» WHAT NEEDS TO BE DONE
Retype the entire listing, keeping every word as it is.

» INFORMATION SHOWN

>>>>

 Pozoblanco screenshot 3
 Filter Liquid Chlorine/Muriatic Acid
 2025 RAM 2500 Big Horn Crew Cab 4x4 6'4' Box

<<<<

» PROBLEM SOLUTION
 Pozoblanco screenshot 3
 Filter Liquid Chlorine/Muriatic Acid
 2025 RAM 2500 Big Horn Crew Cab 4x4 6'4' Box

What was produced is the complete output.